Prendiamo alcuni dati: 1’88% non svolge nessun lavoro remunerato dopo la pensione, il 69% non svolge nessuna attività sociale, l’interesse per la politica riguarda solo una modesta minoranza, le relazioni sembrano essere limitate alla cerchia familiare o a qualche gruppo ristretto di amici. In una condizione di passività è naturale che la televisione, che istituisce un rapporto di dipendenza passiva, occupi un largo spazio nella vita quotidiana delle persone; mentre solo il 15% ha un minimo di familiarità con la rete internet, la quale implica una autonoma capacità di iniziativa. Teniamo conto che qui si tratta di iscritti allo SPI, e si può quindi presumere che il dato generale, misurato sull’intero universo dei pensionati, ci presenti un quadro di passività ancora più accentuato.

In ogni caso, c’è una maggioranza assoluta di persone che non hanno saputo o voluto costruire nessuna rete sociale che le faccia uscire dalla sfera della loro vita privata. Fa eccezione il rapporto con il sindacato, ma trattandosi di una ricerca condotta tra gli iscritti allo SPI questo è un dato abbastanza fisiologico.

L’altro aspetto notevole è che la percezione della propria condizione non ha, in generale, tinte particolarmente drammatiche. L’anzianità viene considerata dai più come una fase della vita che non ha segnato una rottura, più come un momento di continuità che di cambiamento. Colpisce, in particolare, lo scarso rilievo che viene assegnato ai problemi di carattere economico: solo il 13% segnala una situazione di seria difficoltà. E le percentuali sono le stesse anche per quanto riguarda lo stato di salute.

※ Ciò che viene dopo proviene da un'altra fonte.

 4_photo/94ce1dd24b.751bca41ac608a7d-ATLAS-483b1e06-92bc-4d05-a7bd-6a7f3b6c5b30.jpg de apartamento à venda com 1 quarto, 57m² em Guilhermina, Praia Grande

Ciò che prevale quindi è un atteggiamento di relativa serenità: l’invecchiamento è lo snodarsi della propria vita senza rotture e senza angosce. Anche questo dato, naturalmente, va relativizzato, tenendo conto della composizione del campione. È evidente infatti che l’area di più acuto disagio e sofferenza, per ragioni economiche o di salute, è stata solo debolmente intercettata. Chi si trova ormai messo alle corde nella dura competizione della vita trova probabilmente che sia inutile occuparsi di questionari e di ricerche sociologiche. E, sul versante opposto, c’è una fascia di benessere e di vita agiata, che si tiene alla larga da qualsiasi iniziativa sindacale. Noi qui ci occupiamo quindi di una situazione media, e dobbiamo aver sempre presente questa parzialità della ricerca e sapere che c’è un pezzo di realtà che essa non è in grado di rappresentare.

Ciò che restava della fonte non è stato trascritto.